* **Try it**: Could you transcribe every record below exactly, leaving out the pictures?
---- Records for this exercise
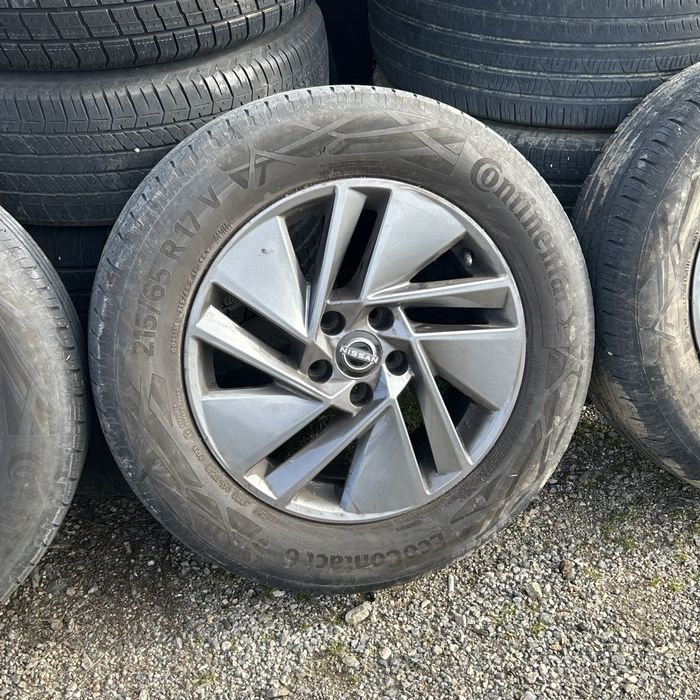 Qashqai J12 гуми с джанти 215/65/17 / 5x114.3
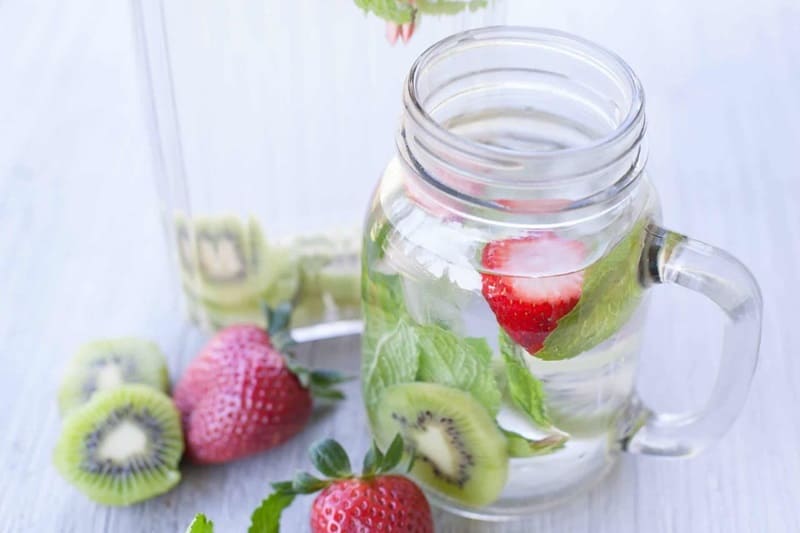 Công thức làm nước detox đẹp da từ kiwi và dâu tây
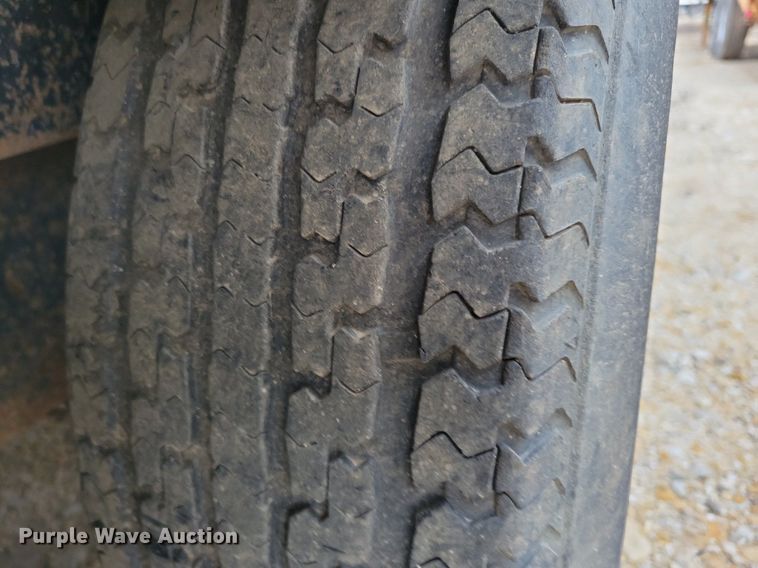 image for item DR4425 2012 Doolittle enclosed cargo trailer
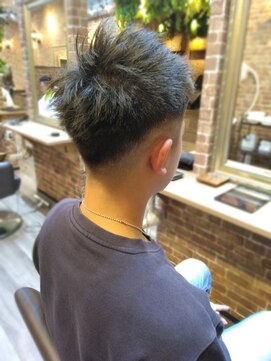 モニカ 鶴ヶ峰店(Monica) メンズフェードスタイル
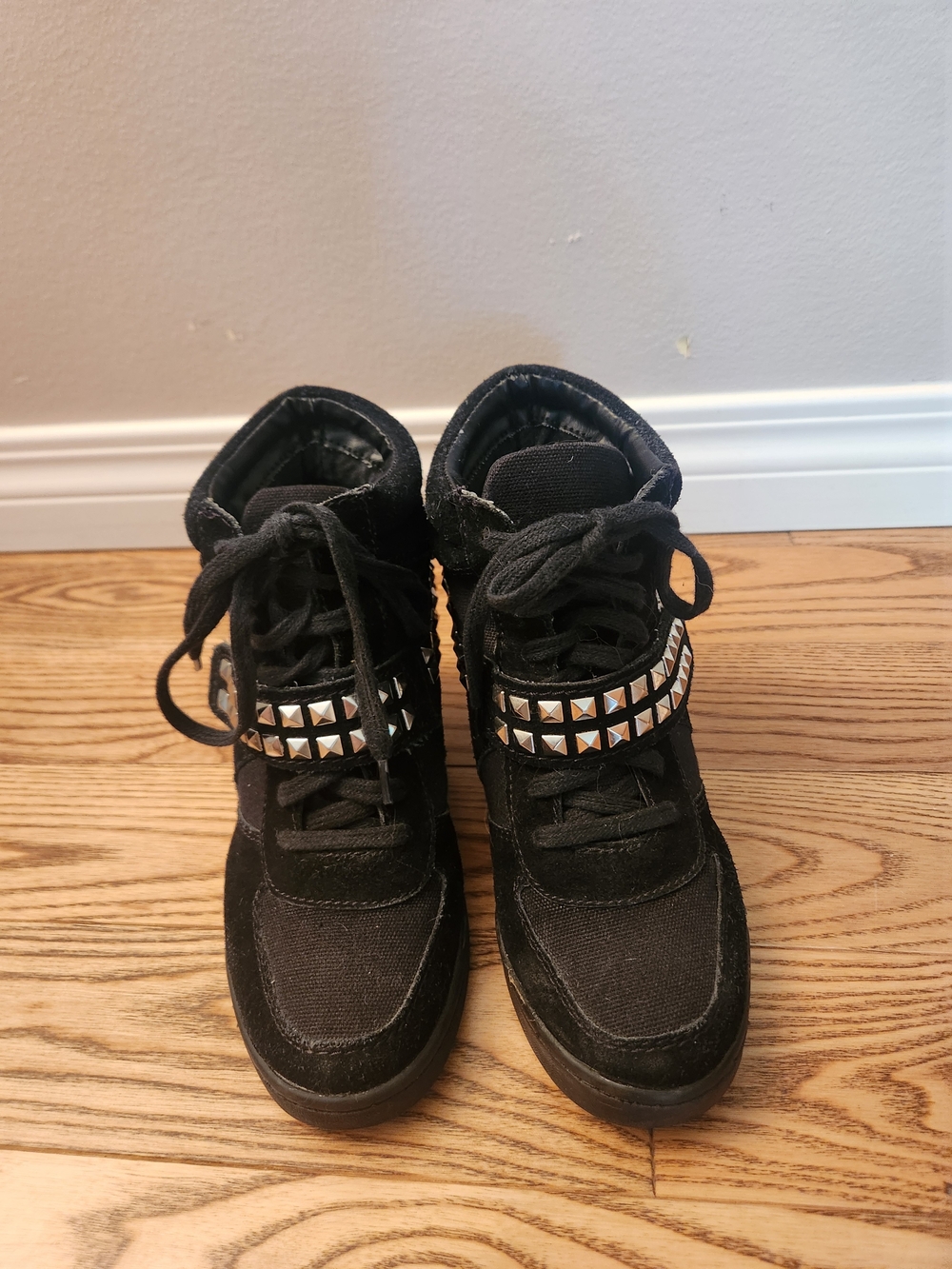Black Women's High-Top Studded Sneakers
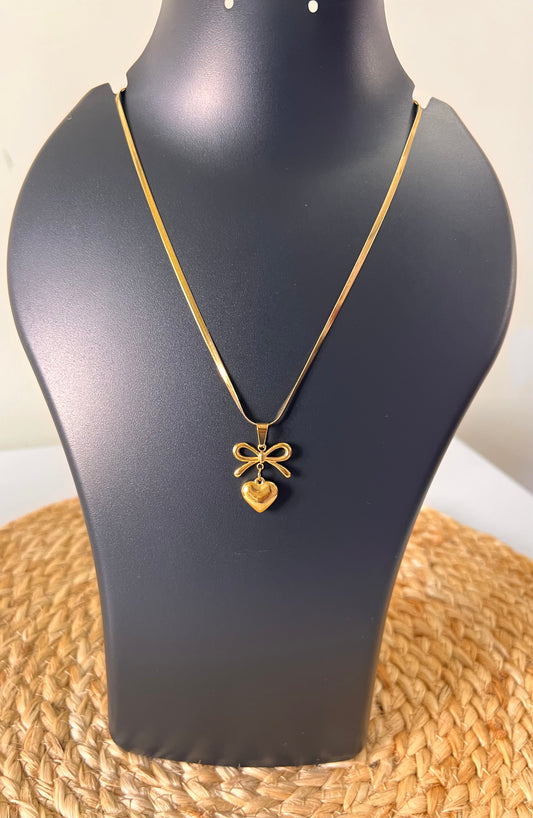 Fade-Free Flex Bow Heart Neck Chain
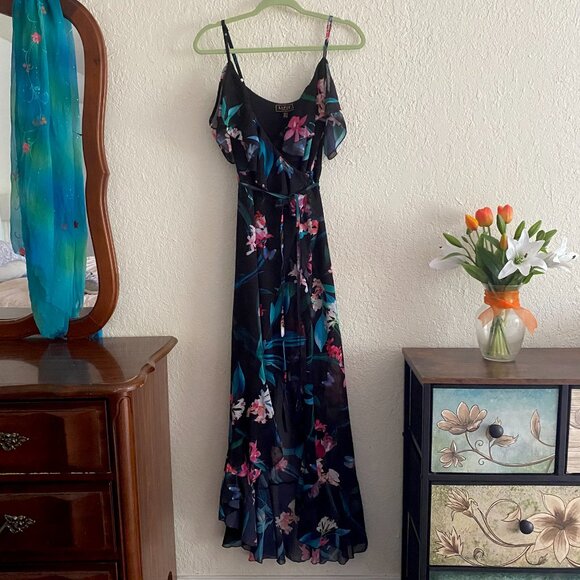 New Lipsy London Maxi Dress 6 (10 UK) Black Floral Chiffon Wrap High-Low Ruffle - Picture 3 of 16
--------
* **Completed task**:
 Qashqai J12 гуми с джанти 215/65/17 / 5x114.3
 Công thức làm nước detox đẹp da từ kiwi và dâu tây
 image for item DR4425 2012 Doolittle enclosed cargo trailer
 モニカ 鶴ヶ峰店(Monica) メンズフェードスタイル
Black Women's High-Top Studded Sneakers
 Fade-Free Flex Bow Heart Neck Chain
 New Lipsy London Maxi Dress 6 (10 UK) Black Floral Chiffon Wrap High-Low Ruffle - Picture 3 of 16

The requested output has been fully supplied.